The presence of incident divergent waves between two demi-hulls on catamaran ship will attempt to generate a non-linear hydrodynamic behaviour, which inherently induced an accuracy of predicting her total resistance (RT). Correspondingly, this becomes an attractive factor to propose a more reliable prediction of the total ship’s resistance through quantifying both of pressure and viscous resistances components. This paper presents computational investigation into predicting the viscous (CV) and pressure coefficients (CP) in calm water condition; whilst the rationale behind the analysis results explained. Several parameters have been taken into accounts in the computational simulation such as the effect of lateral separation (S/L) and longitudinal staggered (R/L) ratios at various Froude numbers. The preliminary validation shows that the total ship’s resistance at various S/L and R/L ratios constitute a fairly good agreement as compared to the experimental results.

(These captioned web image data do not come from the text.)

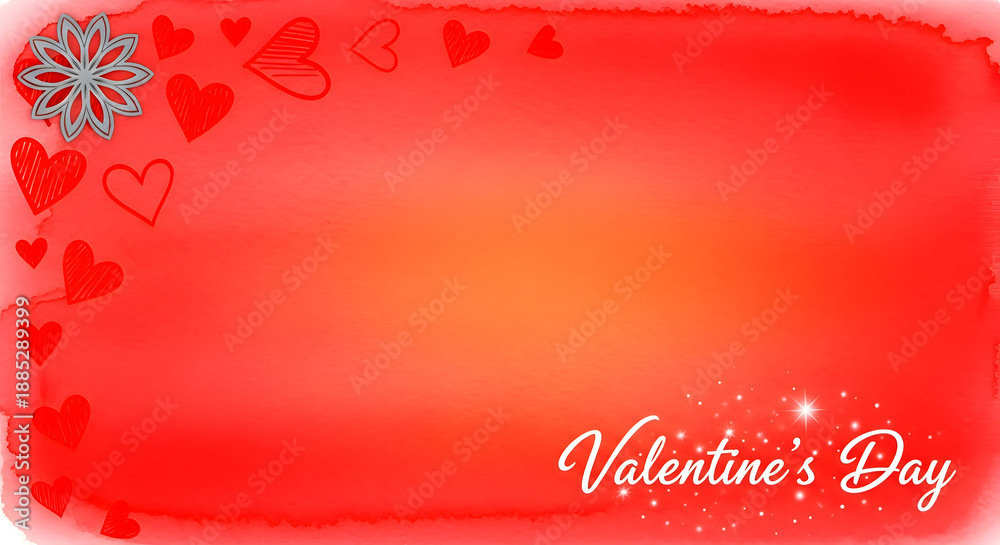 Naklejka premium Valentine's day background with red hearts and elegant white text for love cards or romantic messages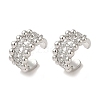 Rack Plating Brass Micro Pave Clear Cubic Zirconia Twisted Chain Ring Cuff Earrings for Women EJEW-P280-15P-1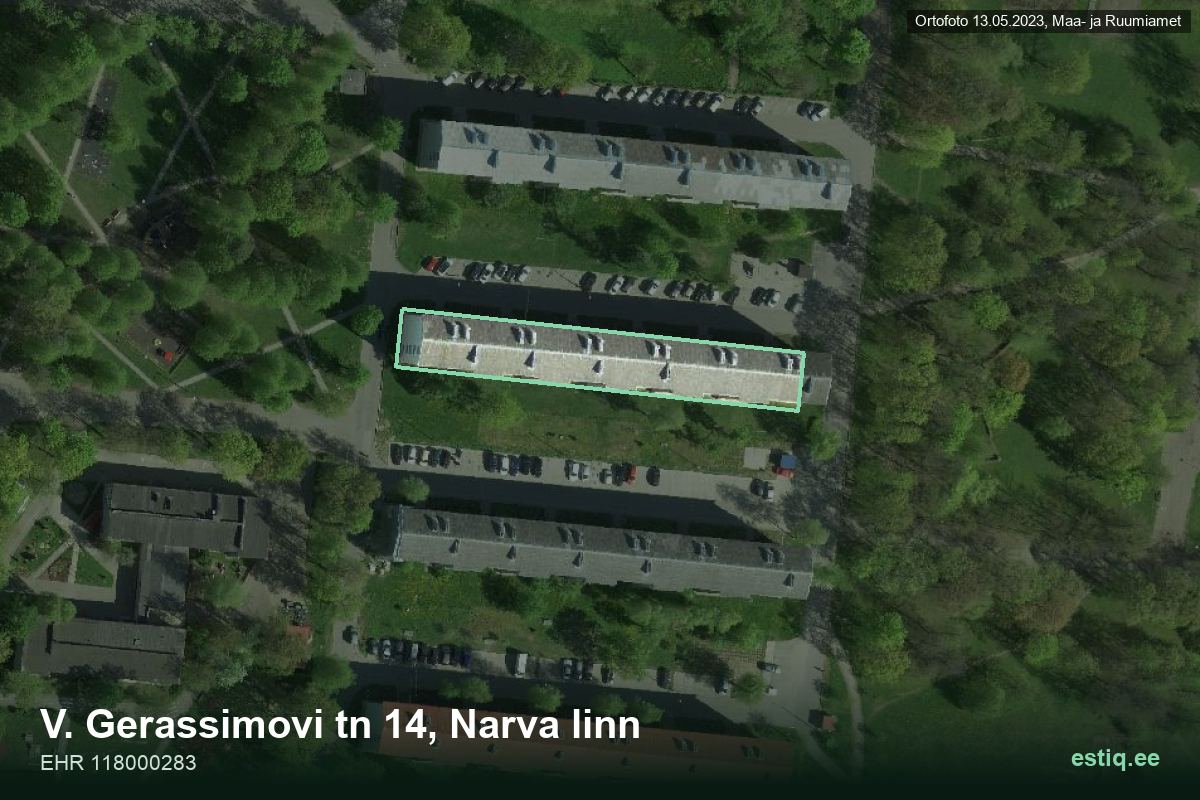 V. Gerassimovi tänav 14, Narva – ilmakuva rakennuksesta, ääriviiva rakennusrekisteristä (EHR)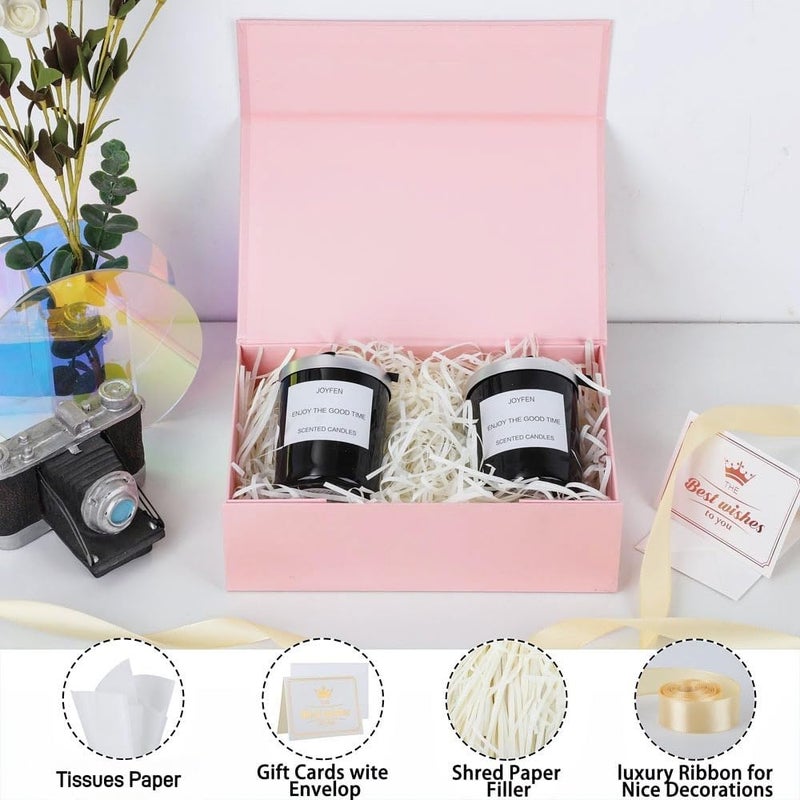 UoeRing 1 Pcs Pink Gift Box 9.5x6x3 inch Small Luxury Gift Box for Presents with Magnetic Lid Collapsible,Birthday,Christmas,Contains Card, Ribbon, Tissue Paper,Shredded Paper Fille - Image 3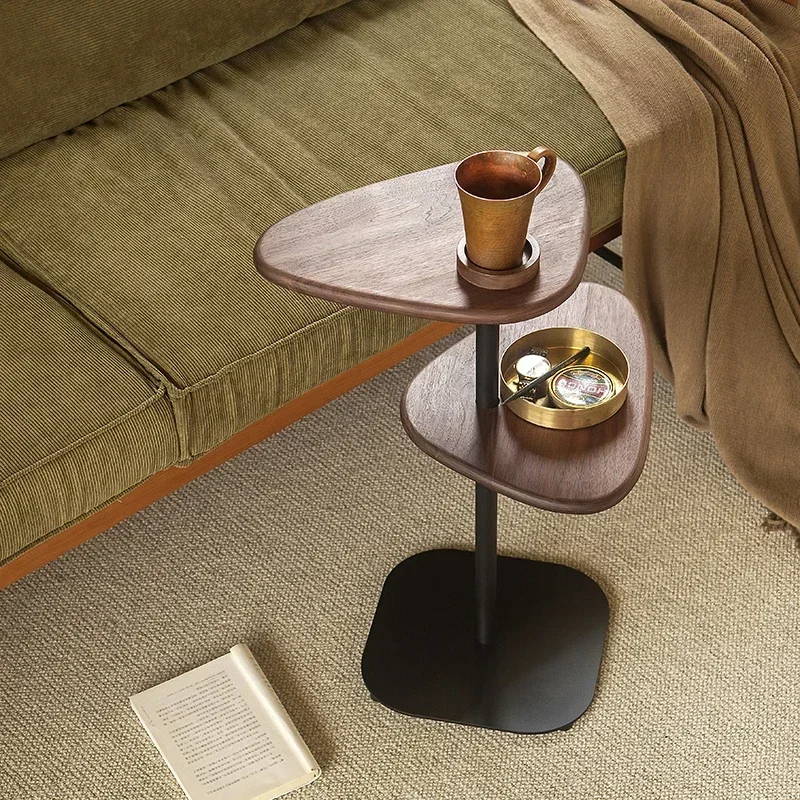 Designer Corner Tables Black Walnut Modern Simple Multifunctional Removable Internet Celebrity Solid Wood Sofa Bedside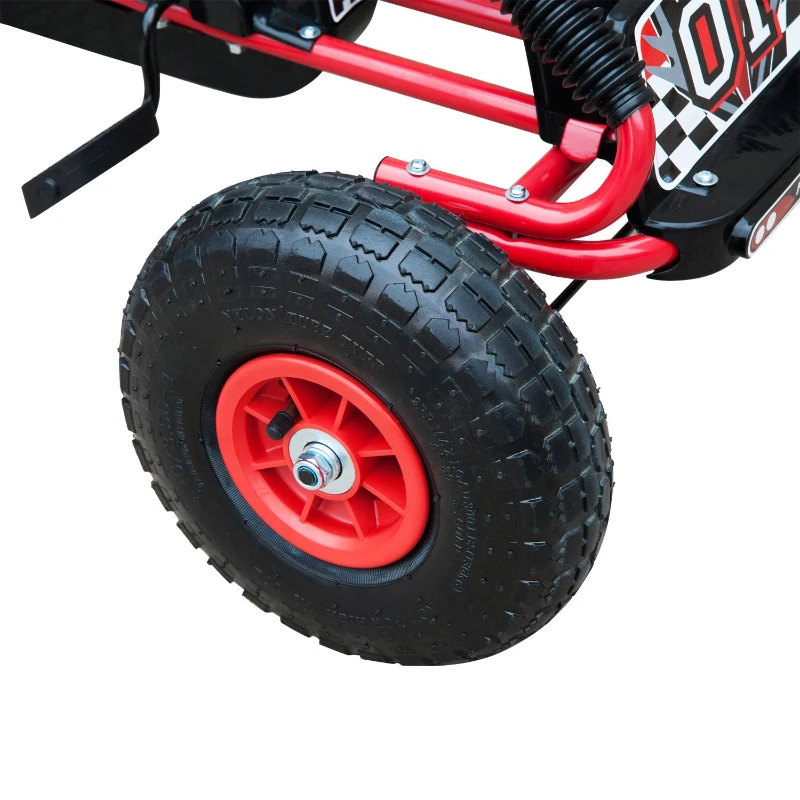 HOMCOM skelter kindervoertuig trapauto met pedaal voor 3-8 jaar staal rubberen wielen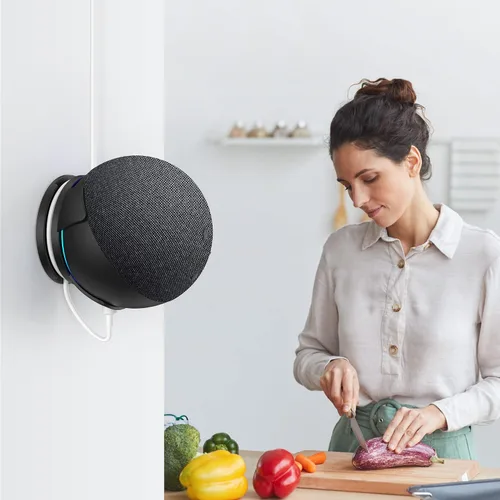 Vista 7 de PlusAcc Soporte de pared para Echo Dot 5ª generación, soporte de pared para Echo Dot 5ª generación, accesorios Alexa Dot 5 que ahorran espacio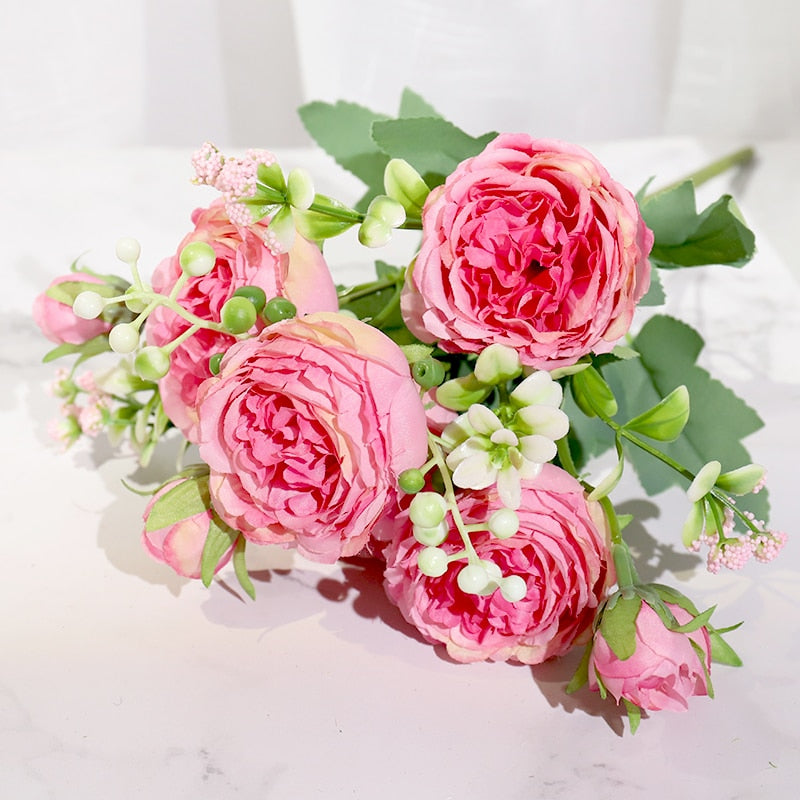 Pink Silk Peony Artificial Flowers | Beautiful bouquet of Rose | Home Decor | - Smart Shoppers Deal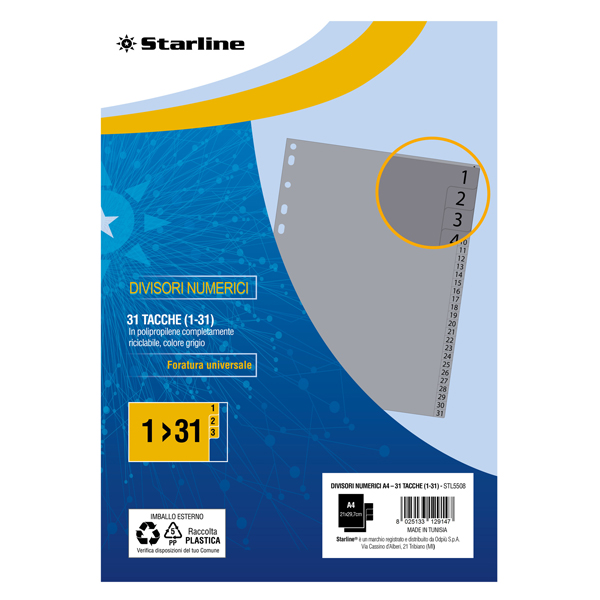 Divisore numerico in cartone rigido con 31 tacche, formato A4, stampato a piena pagina, colore grigio. 8025133129147 | initpc.it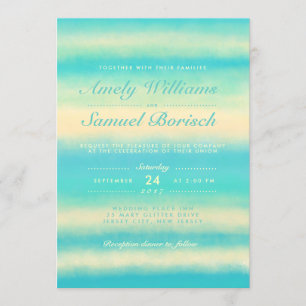 Summer Beach Watercolor Einladung zur Hochzeit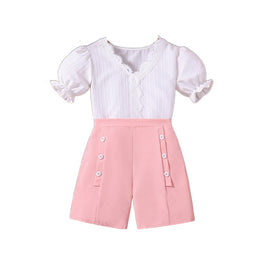 Girls White Top with Shorts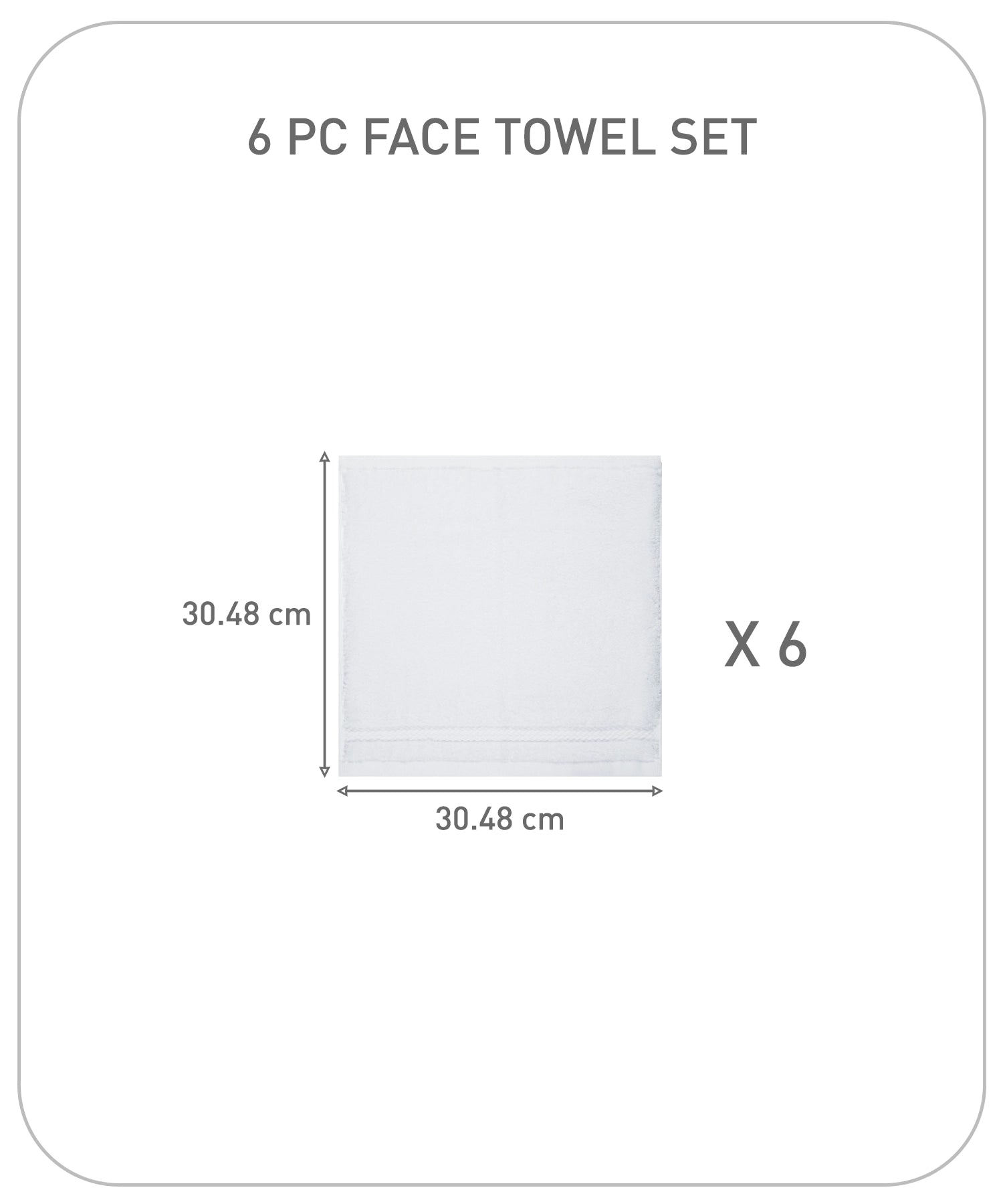 Luxury 6 PC Face Towel Set, White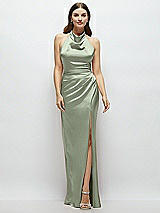 Front View Thumbnail - Sage Cowl Halter Open-Back Satin Maxi Dress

In addition, the CFD simulations revealed that the highest CV and CP occurred at the Fr= 0.47. The comparison in various lateral separation ratio showed that the symmetrical catamaran produced highest CV and CP at S/L=0.2 and S/L=0.4, respectively. Meanwhile, the staggered catamaran with S/L=0.2 produces highest the values of CV and CP at R/L=0.4 and R/L = 0.2, respectively. It is merely concluded that the current computational prediction provides useful outcomes particularly to estimate the effective power at preliminary design stage.